The numeral trzy is originally neuter (< PS †tri, cf. Hitt. tri-, Luw. *tarri-, Wedic Skr. trī, Lith. trỹs, OIr., Welsh tri, Gr., Lat. tria < *trij-H, Goth. þrija). In the masculine form a secondary j was added (now masculine-personal trzej). PS †trьje < *trej-es, cf. Skr. traya-, Av. þrayō, Kurd. , Pers. se, Toch. A tre, Toch. B trai, Lat. trēs, Gr. treĩs, Goth. þreis, Alb. tre, Oss. ærtæ with metathesis and prothesis, Arm. erekʰ ‘3’ and eṙapatik ‘triple’. The stem was *trej- ~ *tri- (apophony). Feminine forms contained the suffix *sor ~ *sr ‘woman, feminine being’, cf. Skr. tisras, OIr. teoir < *t(r)i-s(o)r-. They disappeared as early as before the Proto-Slavic epoch.

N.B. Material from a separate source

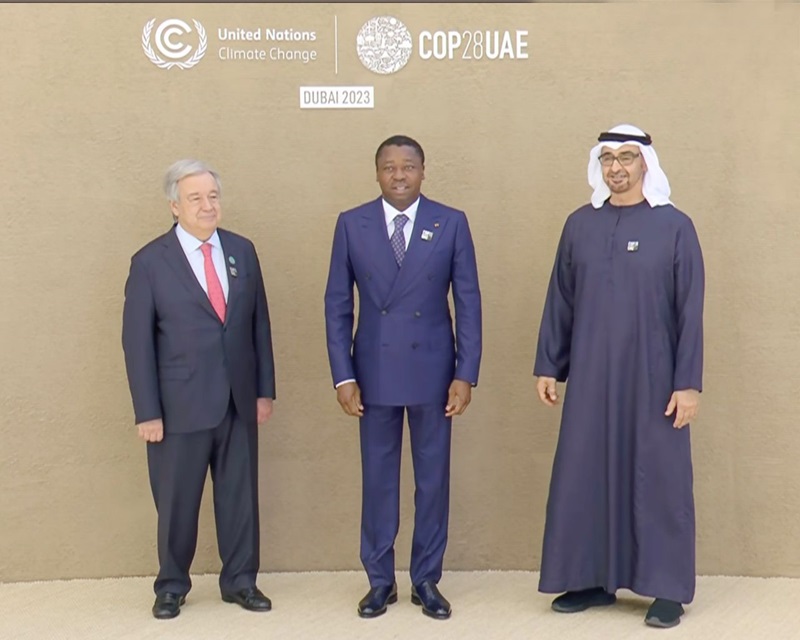 Les travaux de la 28è Conférence des parties sur le climat (COP28) se sont ouverts ce 1er décembre 2023 à Dubaï aux Emirats arabes unis, en présence du Président de la République, Faure Essozimna Gnassingbé.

Trzeci ‘third’ is probably based on the simple stem form (*tre-ti-), cf. OE þridda < *tret-jo-. In Gr. dialects along with trí-tos the most primitive (?) tértos < *tr̥-to- occured, similarly in Lat. tertius < *tr̥-tio-.

The etymology of *trejes is unclear. It impresses that the stem *tr(e)- has something in common with the morpheme -ter- ~ -tor- which exists in many words for an element of a pair. E.g. IE *pəter – *māter (‘father’ – ‘mother’), Pol. który < *kʷotoros ‘which’ (originally ‘which of two’), Skr. prataras ‘front’, literally ‘this one of two who is at the front’. So, perhaps originally ‘three’ meant ‘a pair and one’ or ‘third’ meant ‘none of the pair’.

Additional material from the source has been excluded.